BEGIN Excerpted records
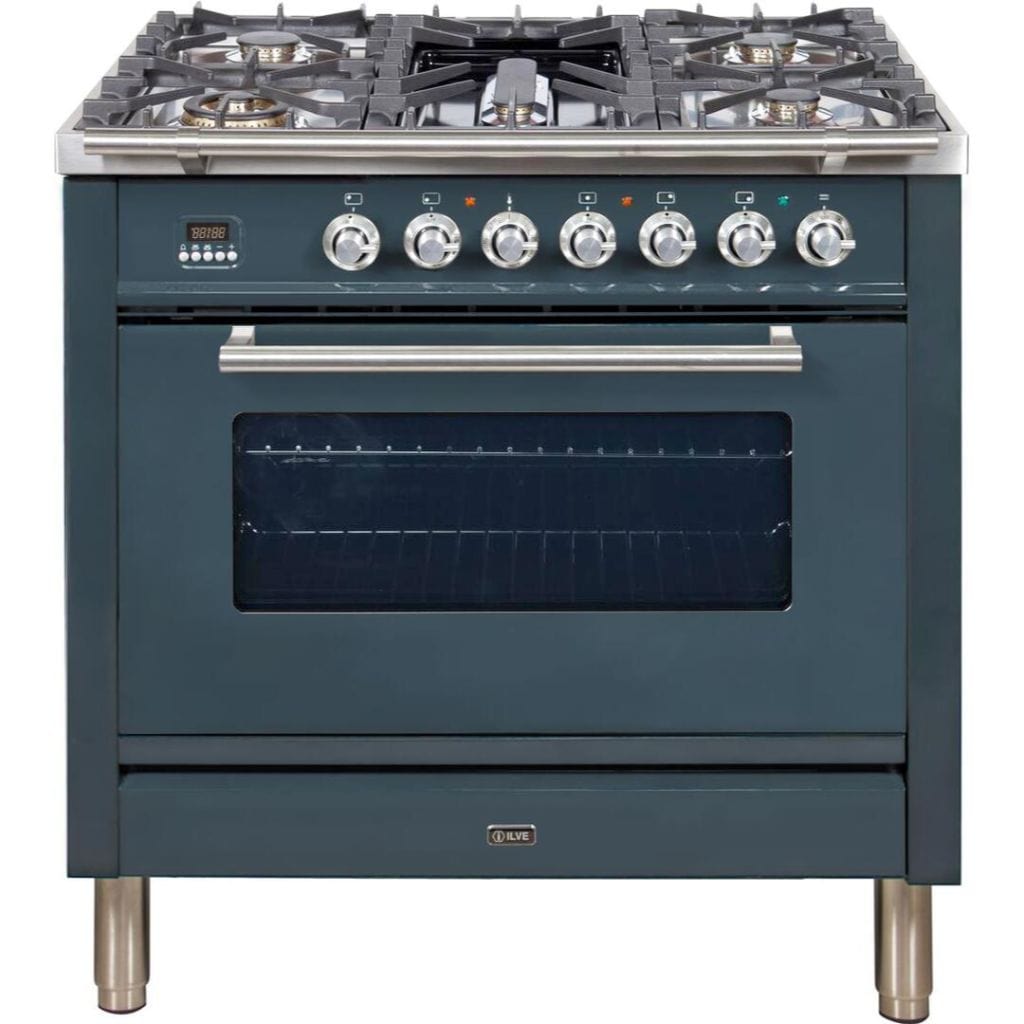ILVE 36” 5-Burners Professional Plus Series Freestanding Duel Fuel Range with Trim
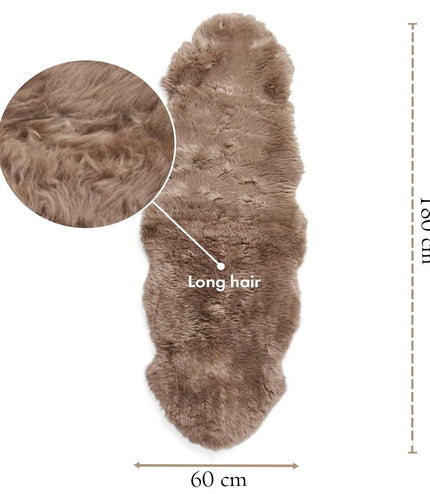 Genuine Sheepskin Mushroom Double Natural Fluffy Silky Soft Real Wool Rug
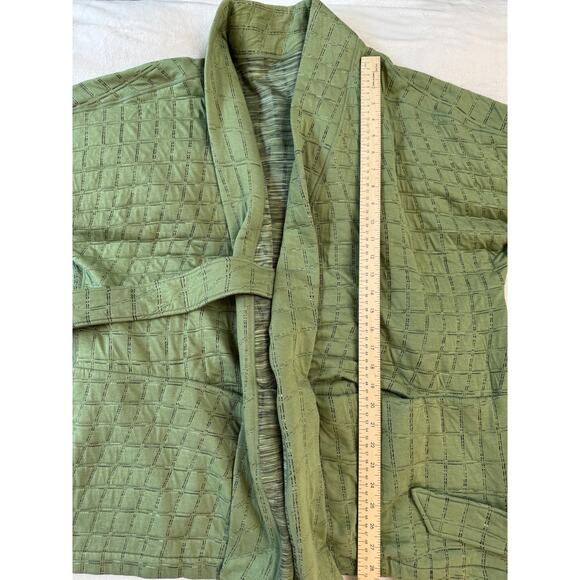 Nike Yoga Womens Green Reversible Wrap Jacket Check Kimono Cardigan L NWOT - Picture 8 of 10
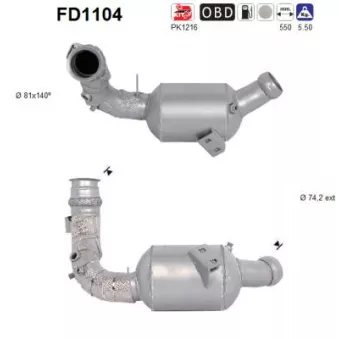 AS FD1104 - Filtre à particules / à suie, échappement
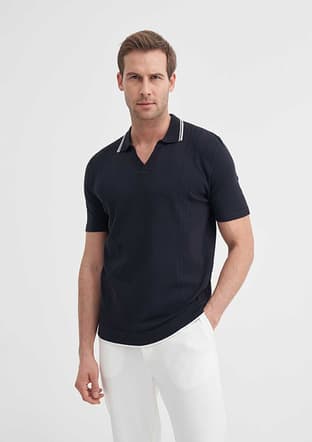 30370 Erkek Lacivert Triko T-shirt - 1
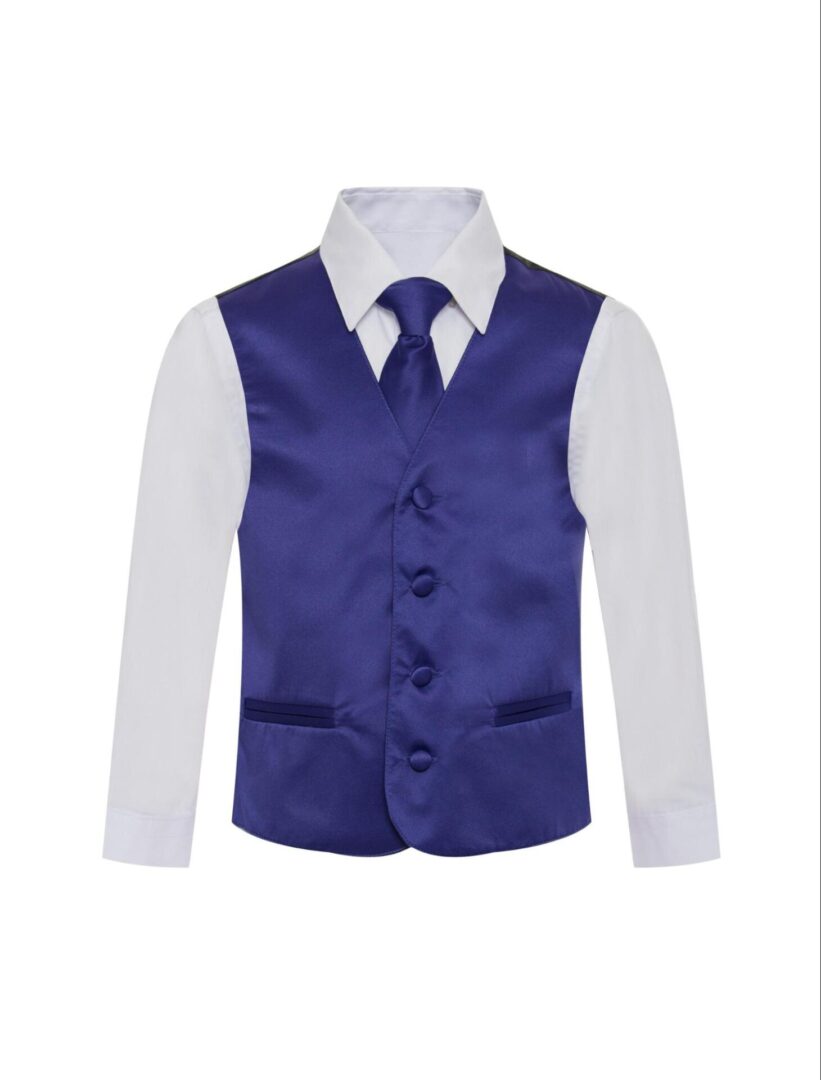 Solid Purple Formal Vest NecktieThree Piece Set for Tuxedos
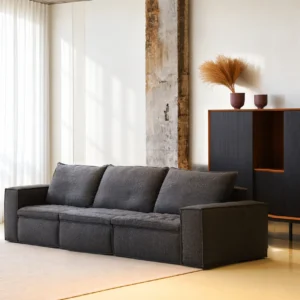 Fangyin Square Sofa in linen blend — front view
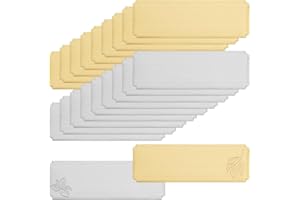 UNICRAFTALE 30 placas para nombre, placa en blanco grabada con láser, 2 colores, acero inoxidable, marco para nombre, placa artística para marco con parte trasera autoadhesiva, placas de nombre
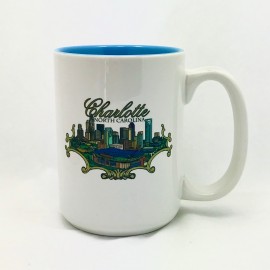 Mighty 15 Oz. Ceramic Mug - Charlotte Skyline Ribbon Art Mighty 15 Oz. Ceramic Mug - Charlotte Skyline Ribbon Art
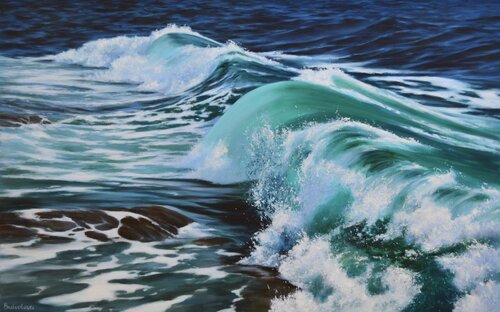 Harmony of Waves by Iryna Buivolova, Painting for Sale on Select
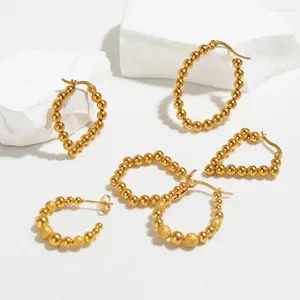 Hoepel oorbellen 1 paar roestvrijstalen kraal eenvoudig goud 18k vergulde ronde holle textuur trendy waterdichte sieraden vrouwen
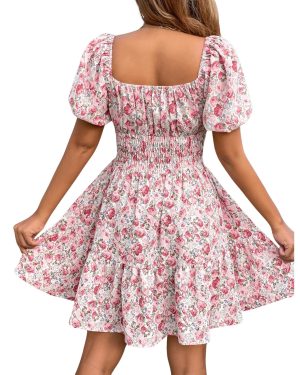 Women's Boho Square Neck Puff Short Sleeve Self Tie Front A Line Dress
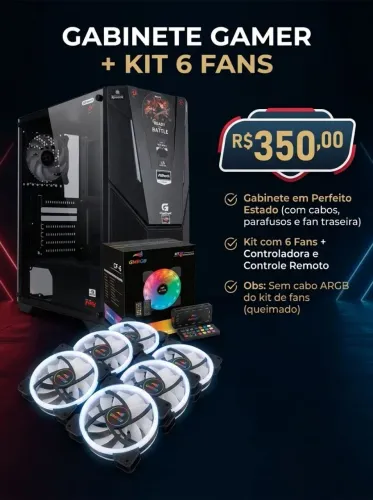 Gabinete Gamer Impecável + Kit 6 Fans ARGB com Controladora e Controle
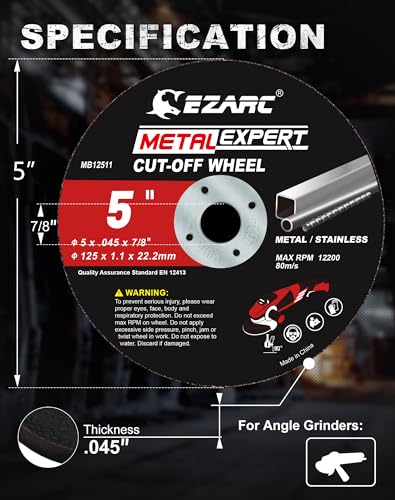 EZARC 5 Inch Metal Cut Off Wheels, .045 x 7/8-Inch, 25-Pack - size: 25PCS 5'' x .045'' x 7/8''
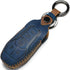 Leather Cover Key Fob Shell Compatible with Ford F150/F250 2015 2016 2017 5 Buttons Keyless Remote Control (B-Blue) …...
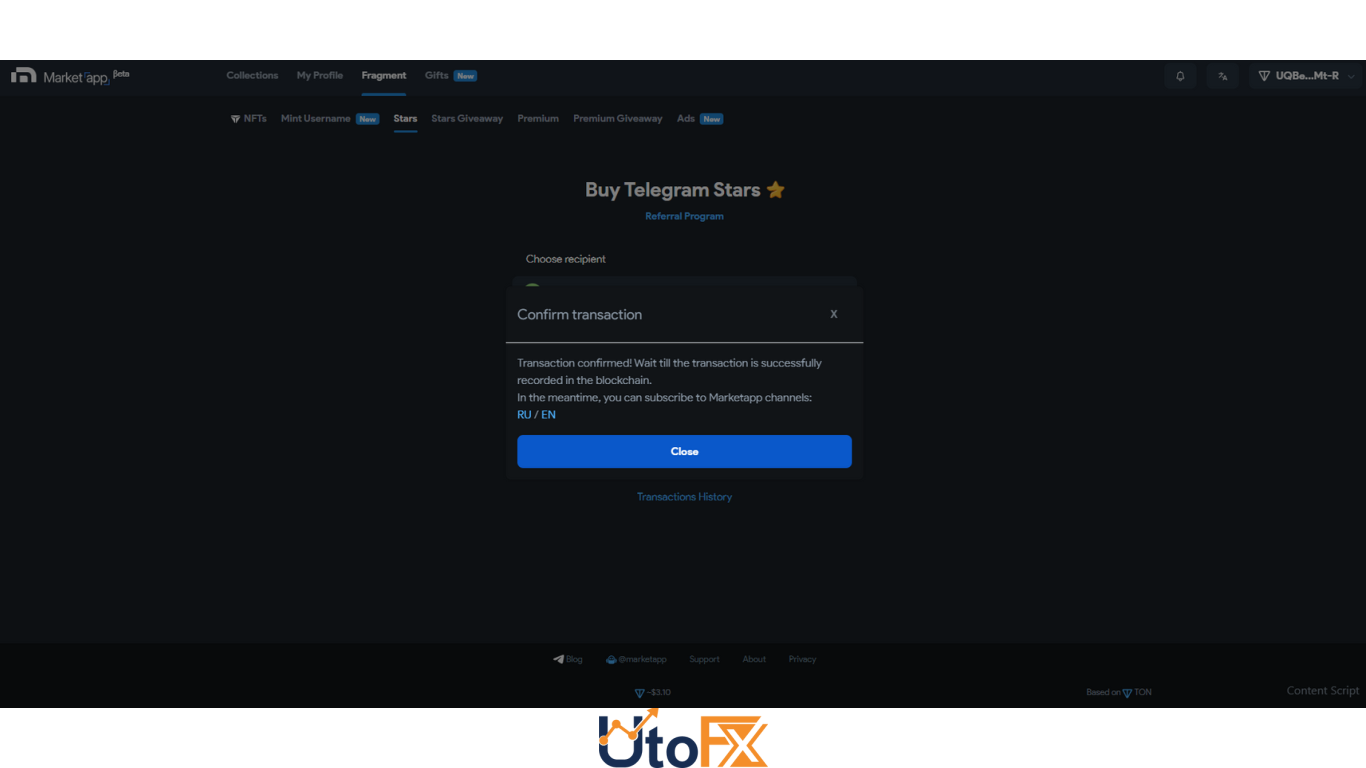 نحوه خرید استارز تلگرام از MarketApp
END Excerpted records
(Aim of the exercise):
Exactly the lines from the one containing "AS FD1104 - Filtre" through the end of the data above: repeat those, both ends included, and nothing else. Skip the pictures.

(Answer to the exercise):
 AS FD1104 - Filtre à particules / à suie, échappement
 30370 Erkek Lacivert Triko T-shirt - 1
 Solid Purple Formal Vest NecktieThree Piece Set for Tuxedos
 Fangyin Square Sofa in linen blend — front view
 UNICRAFTALE 30 placas para nombre, placa en blanco grabada con láser, 2 colores, acero inoxidable, marco para nombre, placa artística para marco con parte trasera autoadhesiva, placas de nombre
 Mighty 15 Oz. Ceramic Mug - Charlotte Skyline Ribbon Art Mighty 15 Oz. Ceramic Mug - Charlotte Skyline Ribbon Art
 Harmony of Waves by Iryna Buivolova, Painting for Sale on Select
 Hoepel oorbellen 1 paar roestvrijstalen kraal eenvoudig goud 18k vergulde ronde holle textuur trendy waterdichte sieraden vrouwen
 Women's Boho Square Neck Puff Short Sleeve Self Tie Front A Line Dress
 Gabinete Gamer Impecável + Kit 6 Fans ARGB com Controladora e Controle
 EZARC 5 Inch Metal Cut Off Wheels, .045 x 7/8-Inch, 25-Pack - size: 25PCS 5'' x .045'' x 7/8''
 Leather Cover Key Fob Shell Compatible with Ford F150/F250 2015 2016 2017 5 Buttons Keyless Remote Control (B-Blue) …...
 نحوه خرید استارز تلگرام از MarketApp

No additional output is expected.